Un éclairage était donc le bienvenu. Dans trois arrêts rendus le 20 mai 2008, opposant notamment la société Vuitton à Google, la Cour de cassation a souhaité poser une question préjudicielle à la Cour de justice de l’Union européenne. La CJUE vient de rendre son arrêt, en date du 23 mars 2010.
Sur la contrefaçon
La position de la CJUE est claire : Google n’est pas responsable au titre de la contrefaçon de marque. En effet, le fait de permettre aux annonceurs « d’acheter des mots-clés correspondant aux marques de leur concurrent » ne saurait suffire à engager la responsabilité de Google sur le terrain de la contrefaçon de marques. En effet, celui-ci ne fait pas « lui-même un usage desdits signes ».

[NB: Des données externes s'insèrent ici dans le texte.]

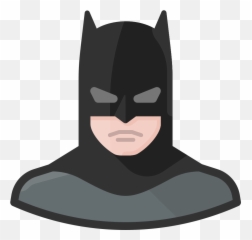 Batman Icon - Avatar Icon Png Emoji,Batman Emoji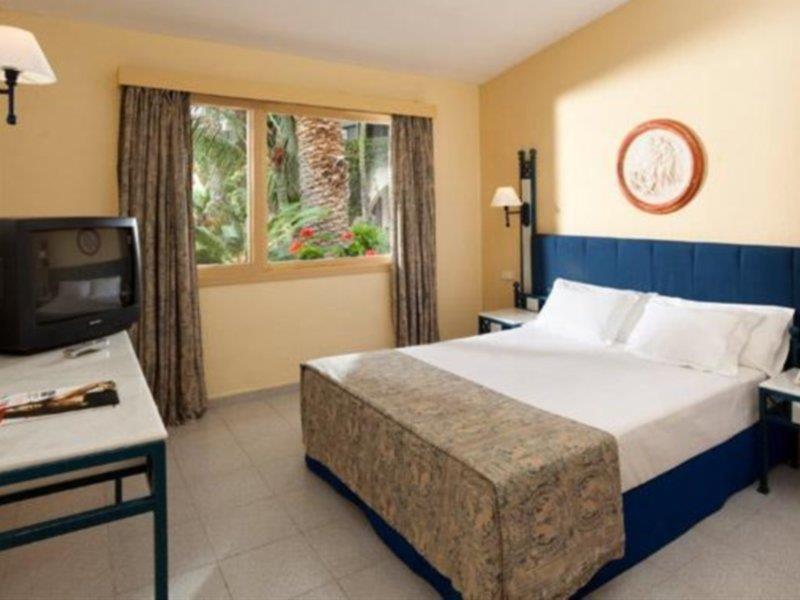 Parque San Antonio Hotel Puerto de la Cruz  Buitenkant foto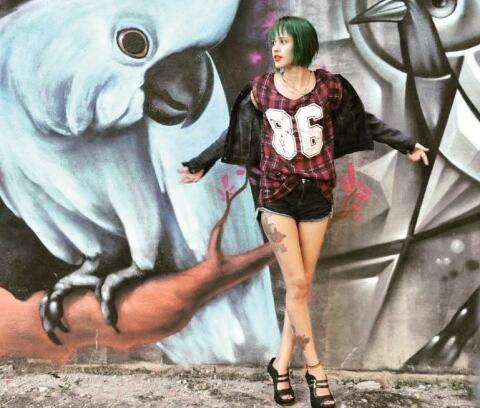 Barbie Dantas criou o Rorairock para falar de música (Foto: divulgação)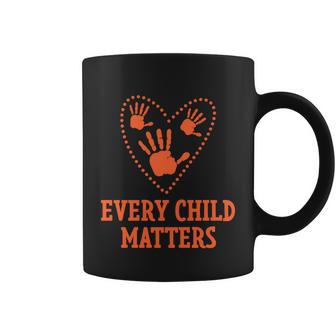 Orange Shirt Day Every Child Matters V2 Coffee Mug - Monsterry AU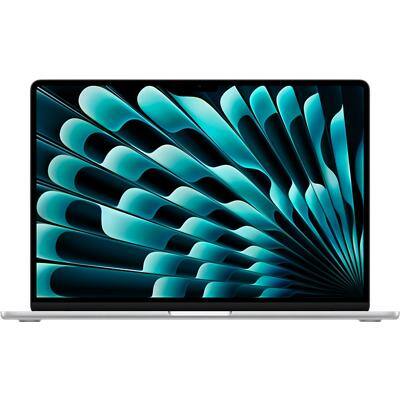 Apple MacBook Air MQKR3N/A 38,9 cm (15,3") M2 8 GB 256 GB SSD 8 Core Apple GPU macOS Ventura Zilver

A l’inverse, l’annonceur utilise un mot-clé reproduisant la marque, et le fait pointer vers des produits ou services similaires à ceux enregistrés par la marque, ce qui engendre un risque de confusion pour l’internaute. A ce titre, il y a bien contrefaçon, mais du seul fait de l’annonceur.

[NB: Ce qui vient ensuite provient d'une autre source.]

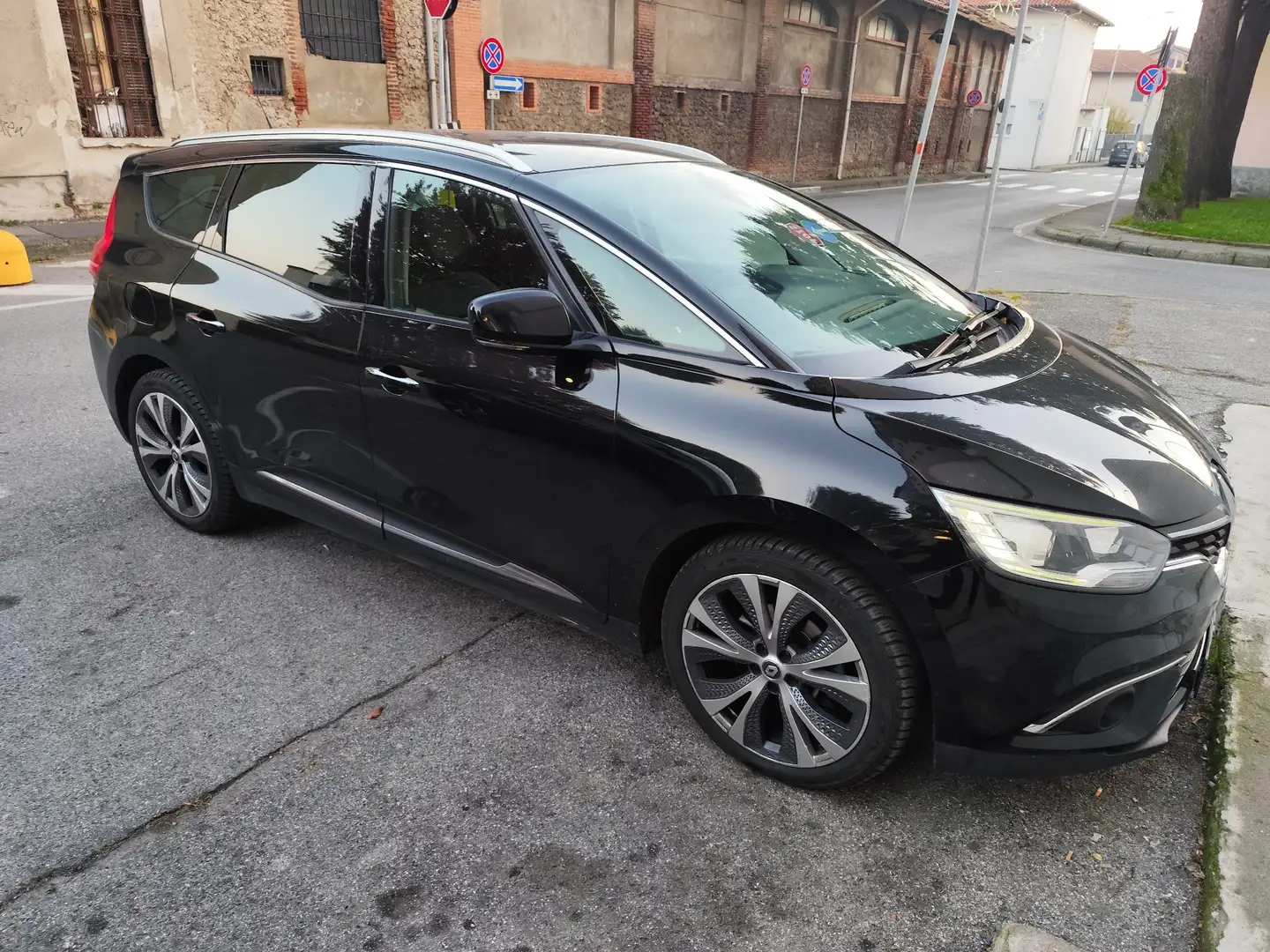 Renault Grand Scenic 1.6 dci energy Initiale Paris 160cv edc - 2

Sur la responsabilité du prestataire de service de référencement
Sur ce point, la CJUE estime qu’il appartient à la juridiction de renvoi d’examiner si le rôle de Google se limite à une prestation technique, neutre et passive, auquel cas sa responsabilité ne saurait être engagée que si, un contenu illicite lui ayant été signalé, Google ne retire pas promptement ledit contenu. Ainsi, le « business model » de Google ne saurait être remis en cause.
Une question reste cependant en suspens : en lieu et place de son processus actuel, automatisé, et eu égard aux pratiques illicites dont fait l’objet son service Adwords, Google ne devrait-il pas, d’après le principe de loyauté, vérifier préalablement que l’acheteur d’un mot-clé est en droit d’utiliser cette marque, a fortiori en présence de marques renommées ?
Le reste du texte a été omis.